2016 hatte die ELKB die Partnerschaft mit der DELKU ausgesetzt. Begründung: Sie erhalte keine transparenten Abrechnungen über ihre Zuschüsse, und Bischof Maschewski verweigere Gespräche, erläuterte Oberkirchenrat Michael Martin damals. Er attestierte der DELKU, sie sei „völlig gespalten“ - mehr als die Hälfte der rund 30 Gemeinden hätten die Kirche verlassen. Die Konflikte seien vor allem auf Bischof Maschewski zurückzuführen, der laut Martin „alles selbst im Griff haben will und sich mit abweichenden Meinungen schwer tu“.
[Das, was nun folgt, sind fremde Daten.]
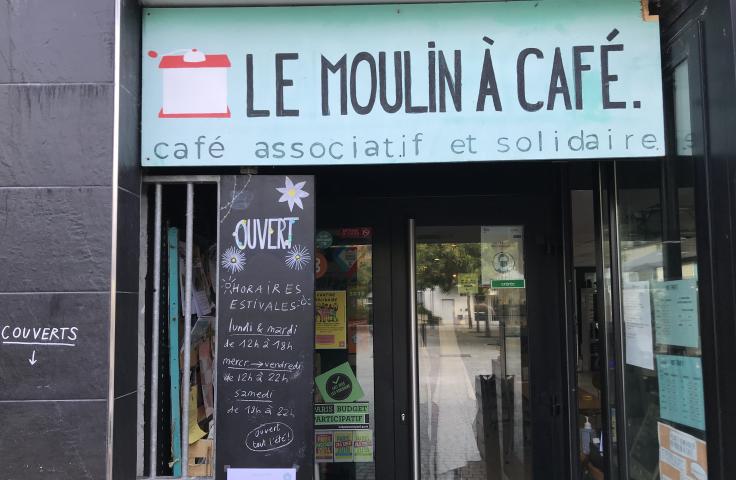 Le moulin à café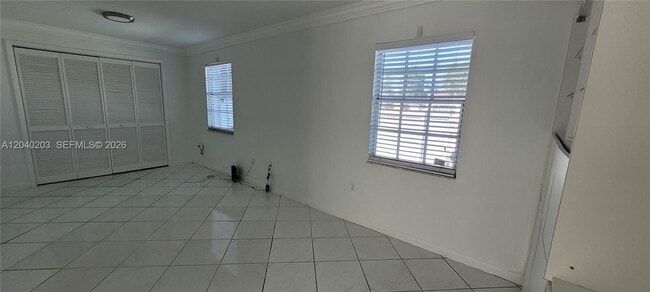 Building Photo - 5200 SW 89th Pl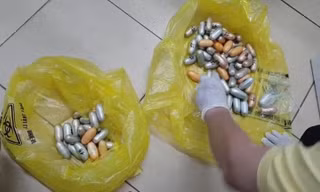 Gần 1,6kg cocain trong bụng người đàn ông.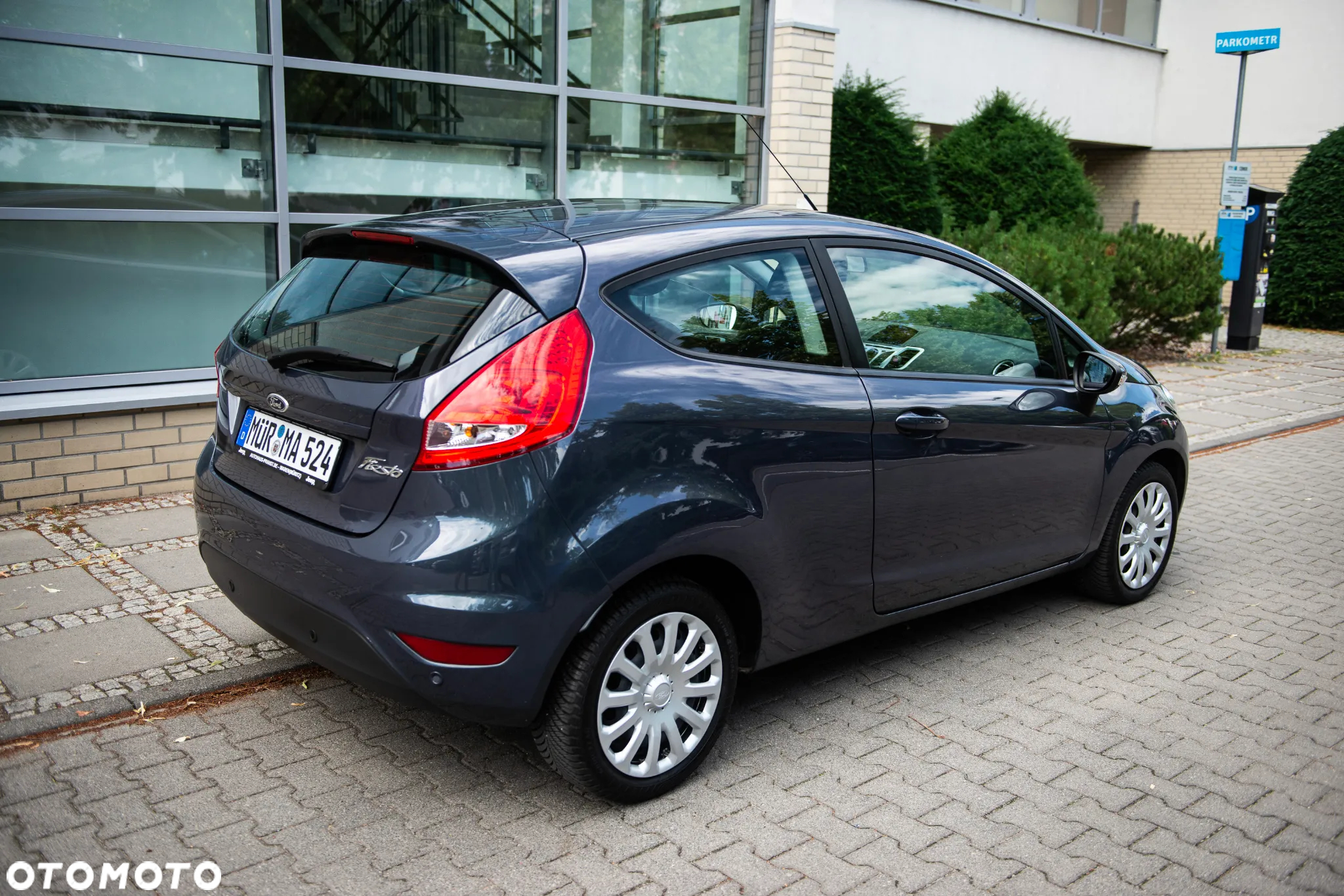 Ford Fiesta 1.25 Celebration - 14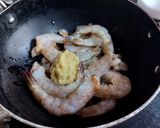 A picture of step 1 of Garlic Prawns Crispy.
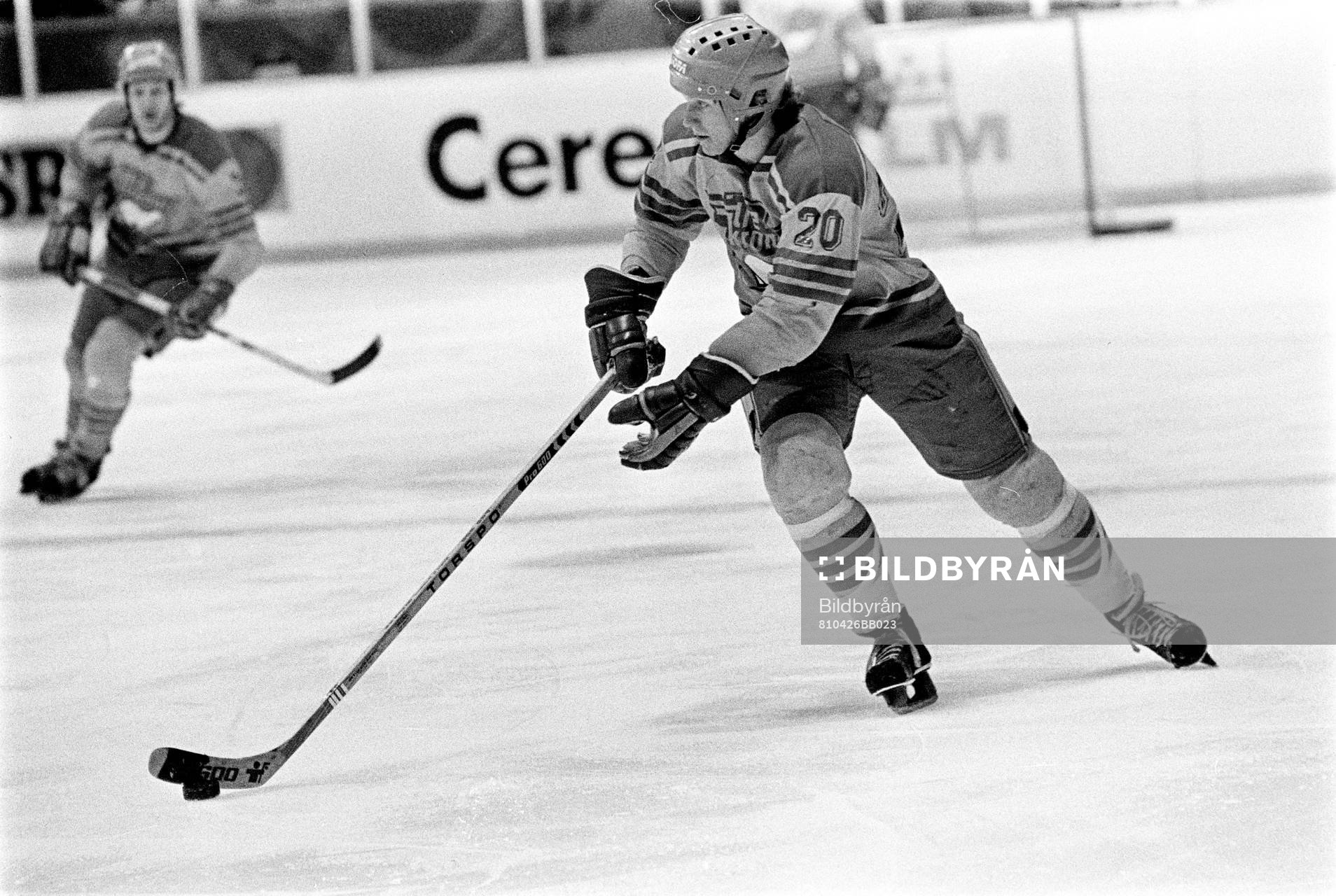 Thomas Steen med pucken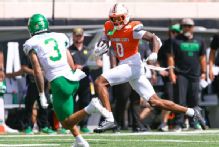 Oklahoma State stuns No. 6 Oregon in 39-31 thriller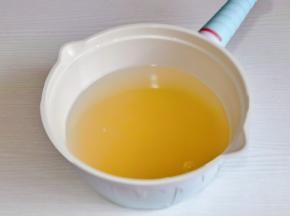 小米淘好后倒入锅中，烧开熬30分钟。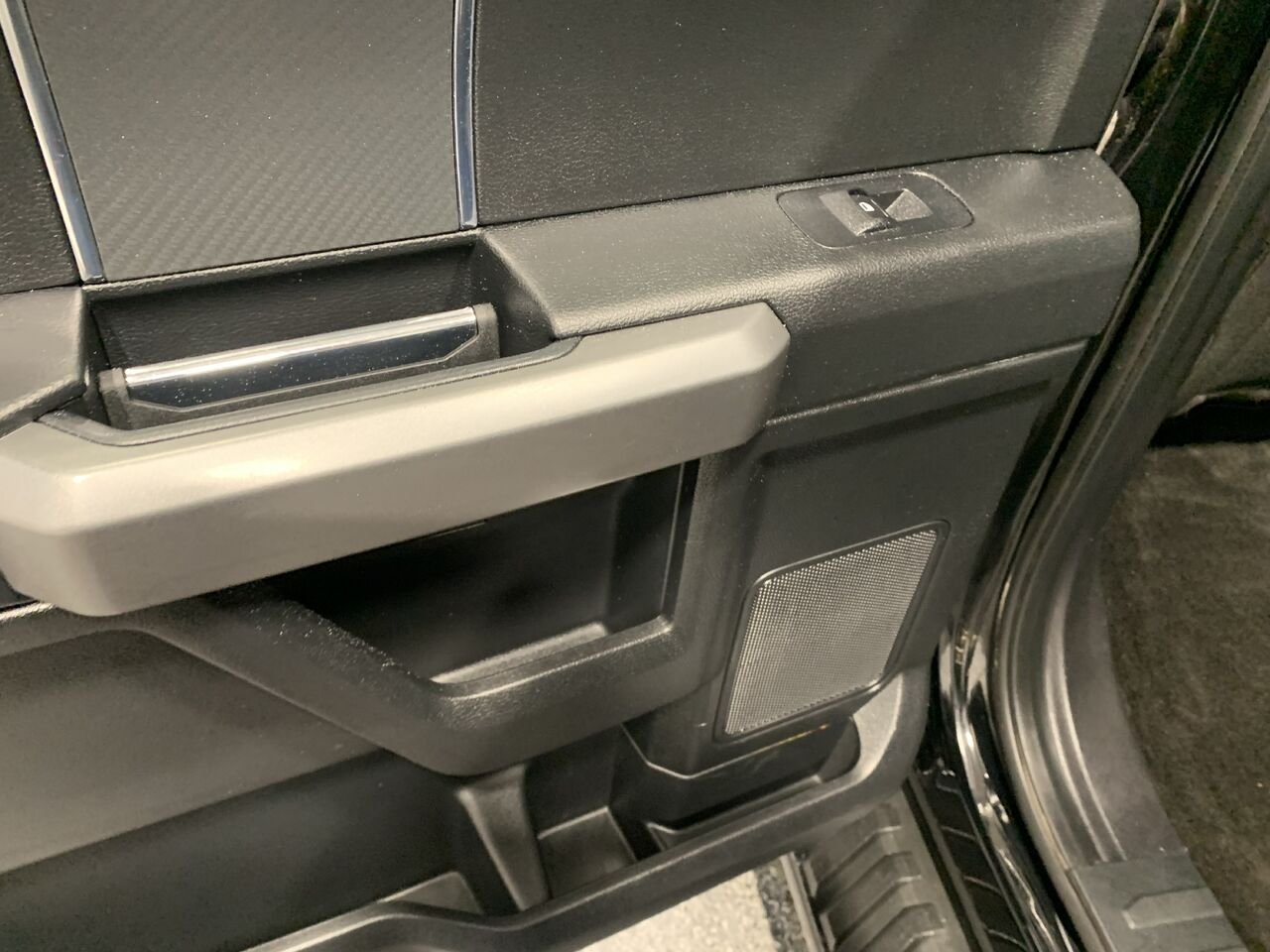 Ford F-150 SUPERCREW XLT XLT, SPORT, 302A, 5.0L 2018 Noir Châteauguay - photo #23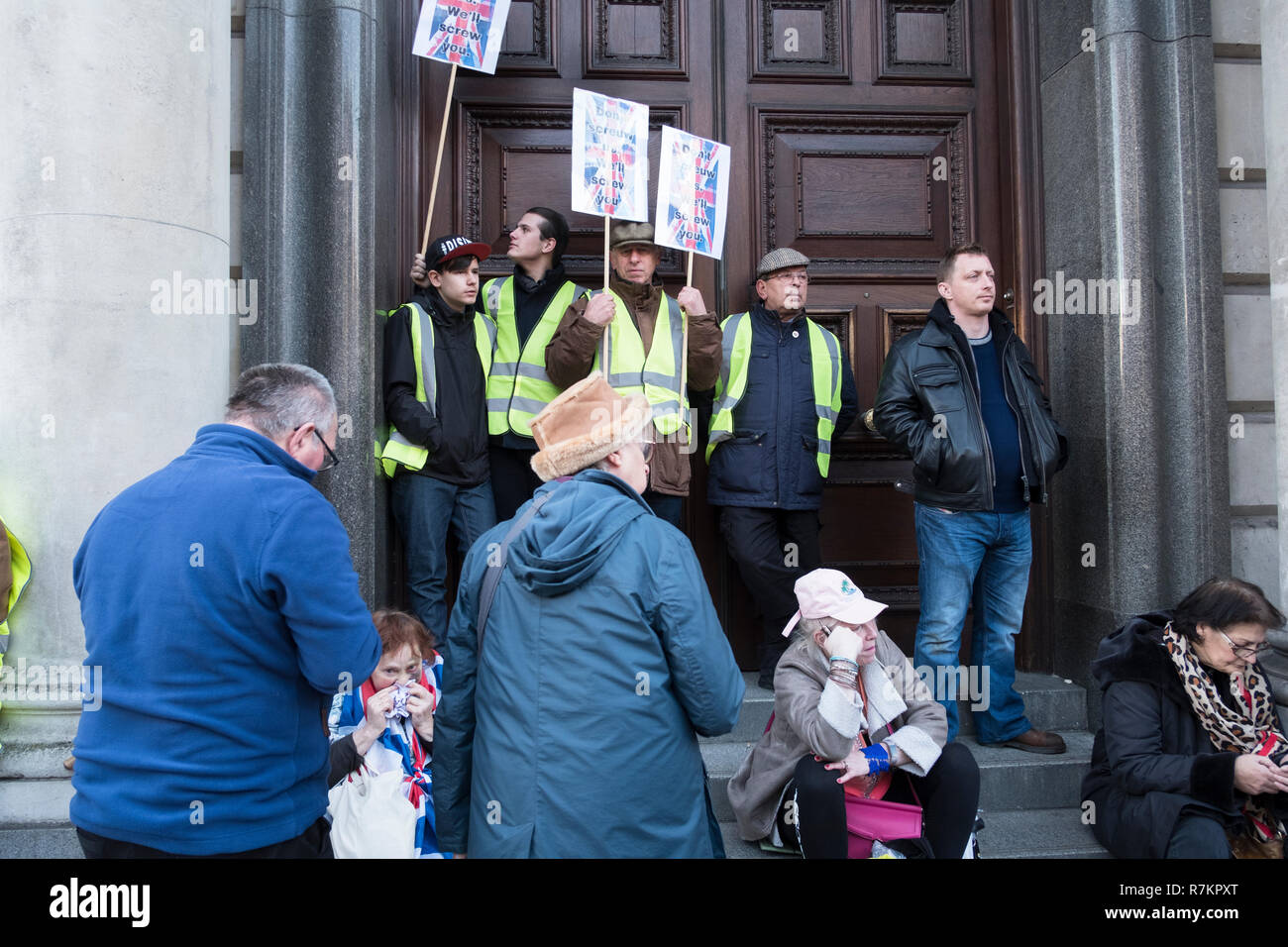 Brexit Pro rallye organisé par l'UKIP et Tommy Robinson pour protester contre la "trahison de Brexit' comme ils voient l'accord conclu entre le gouvernement conservateur et peut-être l'UE. Le centre de Londres, Royaume-Uni, le 9 décembre 2018. Crédit : Mike Abrahams/Alamy Live News Banque D'Images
Der ukrainische Pfarrer Alexander Gross hatte noch im Juni dieses Jahres in Nürnberg um Hilfe bei der Rettung seiner Kirche gebeten. Maschewski verbreite Angst, entlasse Pfarrer, grenze Synodale aus und lasse eigenmächtig kirchliche Gebäude und Autos einziehen, sagte Gross. Nach der Absetzung des Bischofs zeigen sich nun zahlreiche Pfarrer erleichtert.

Neustart nach der Sowjetzeit

Die Deutsche Evangelisch-Lutherische Kirche in der Ukraine (DELKU) wurde Mitte des 18. Jahrhunderts von deutschen Aussiedlern gegründet, die von Zarin Katharina II. ins Land gerufen worden waren. Der erste evangelische Gottesdienst fand bereits 1801 in Odessa statt, die Gemeinde dort umfasste zeitweise über 10.000 Mitglieder. In der Sowjetzeit kam das kirchliche Leben jedoch zum Erliegen, die Gemeinden wurden verboten, die Kirchen geschlossen oder umgewidmet. Erst nach der politischen Wende konnte wieder eine evangelische Kirche, auch mit Hilfe der bayerischen Partnerkirche, begründet werden.

Das geistliche und organisatorische Zentrum der ukrainischen Lutheraner ist die Paulskirche in Odessa, zu der auch das „Deutsche Zentrum“ gehört. Zur DELKU gehörten ursprünglich 30 Gemeinden, die weit verstreut im Land liegen. 2013 zählte sie etwa 3.000 Mitglieder.